The Court finds Fielding clearly could have raised his claims in the instant petition in his prior petition. The Court denied Fielding's prior petition as time barred and not because his claims were not ripe or he failed to exhaust his state remedies. The Court concludes, therefore, that Fielding's instant pleading is a successive § 2254 application within the meaning of the AEDPA. Moreover, because Fielding has not shown the requisite authorization from the Fifth Circuit Court of Appeals, the Court also concludes it lacks jurisdiction to hear his claims. Key, 205 F.3d at 774; Hooker, 187 F.3d at 681-82. The Court must accordingly dismiss Fielding's petition without prejudice to his re-filing, should he obtain proper approval from the Fifth Circuit Court of Appeals.

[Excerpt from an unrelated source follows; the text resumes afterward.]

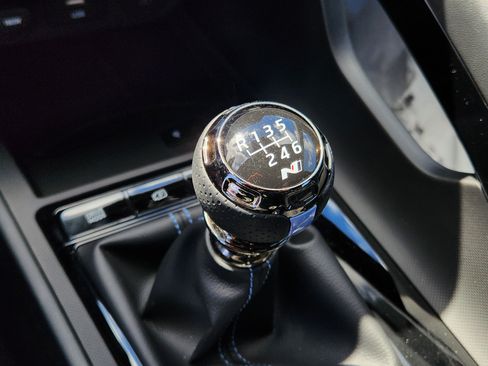 Certified 2025 Hyundai Elantra N Base image 22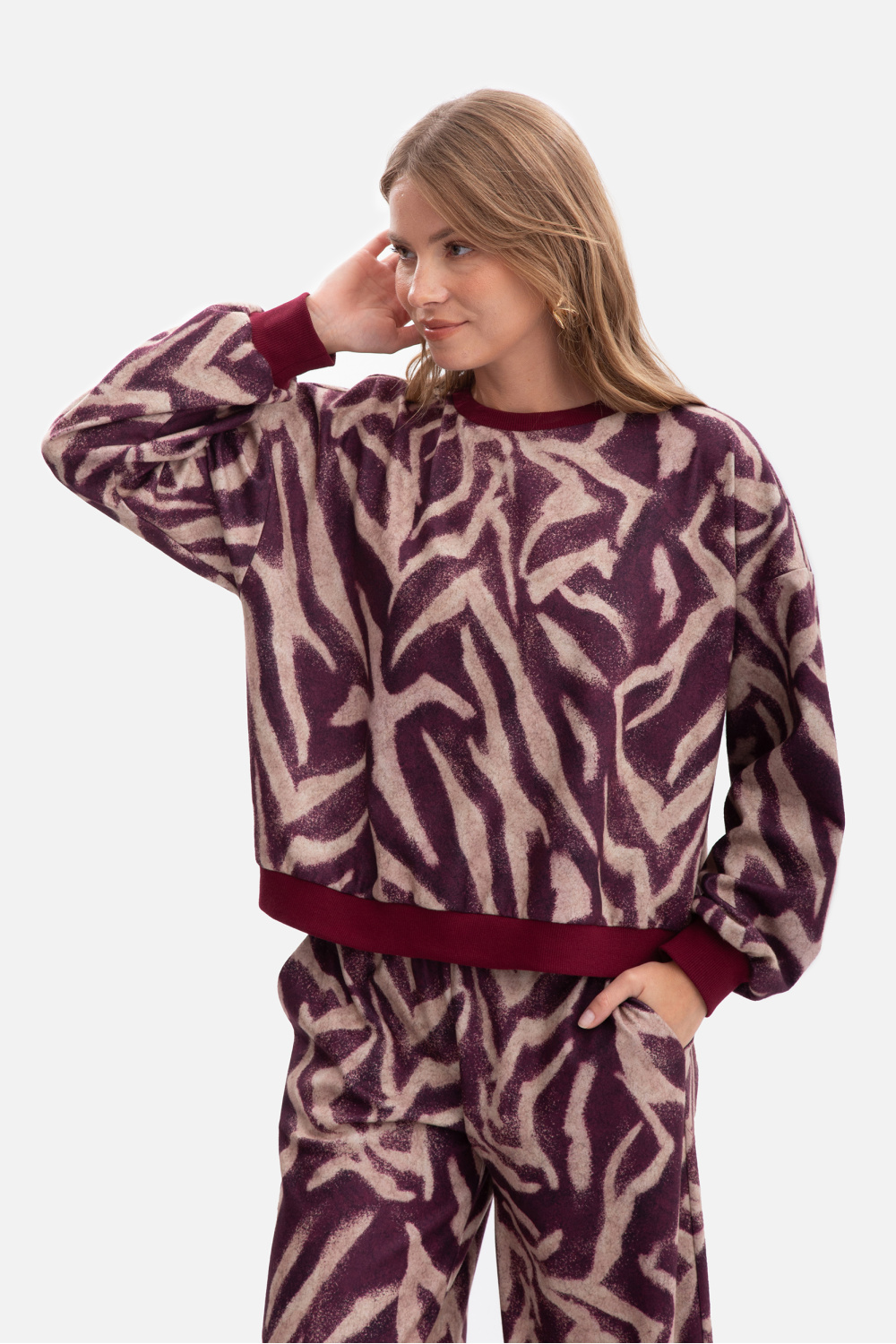 روب نسائي فيسكوز مريح وبوليستر عالي الجودة وإيلاستين لمرونة مريحة من BeWear – موديل 218652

The AEDPA also requires a certificate of appealability before an appeal may proceed in this matter. 28 U.S.C. § 2253; see Hallmark v. Johnson, 118 F.3d 1073, 1076 (5th Cir. 1997) (noting that appeals of causes initiated under either 28 U.S.C. §§ 2254 or 2255 require a certificate of appealability). "This is a jurisdictional prerequisite because the statute mandates that '[u]nless a circuit justice or judge issues a certificate of appealability, an appeal may not be taken to the court of appeals.'" Miller-El v. Cockrell, 537 U.S. 322, 336 (2003) (citing 28 U.S.C. § 2253(c)(1)). A circuit justice or judge will not issue a certificate of appealability unless the petitioner makes "a substantial showing of the denial of a constitutional right." 28 U.S.C. § 2253(c)(2). This standard "includes showing that reasonable jurists could debate whether (or, for that matter, agree that) the petition should have been resolved in a different manner or that the issues presented were adequate to deserve encouragement to proceed further." Slack, 529 U.S. at 483-84 (internal quotations and citations omitted).
The Court concludes in this case that reasonable jurists would not find the Court's procedural rulings debatable. Consequently, the Court will not issue a certificate of appealability from its decision.
For the reasons discussed above, the Court enters the following orders:
IT IS ORDERED that Gilbert Fielding's "Petition for a Writ of Habeas Corpus by a Person in State Custody" 28 U.S.C. § 2254 (ECF No. 1) is DISMISSED WITHOUT PREJUDICE.
IT IS FURTHER ORDERED that Gilbert Fielding is DENIED a CERTIFICATE OF APPEALABILITY.
IT IS ALSO ORDERED that all pending motions, if any, are DENIED AS MOOT.
IT IS FINALLY ORDERED that the Clerk shall CLOSE this case.
SO ORDERED.
SIGNED this 22nd day of April, 2019.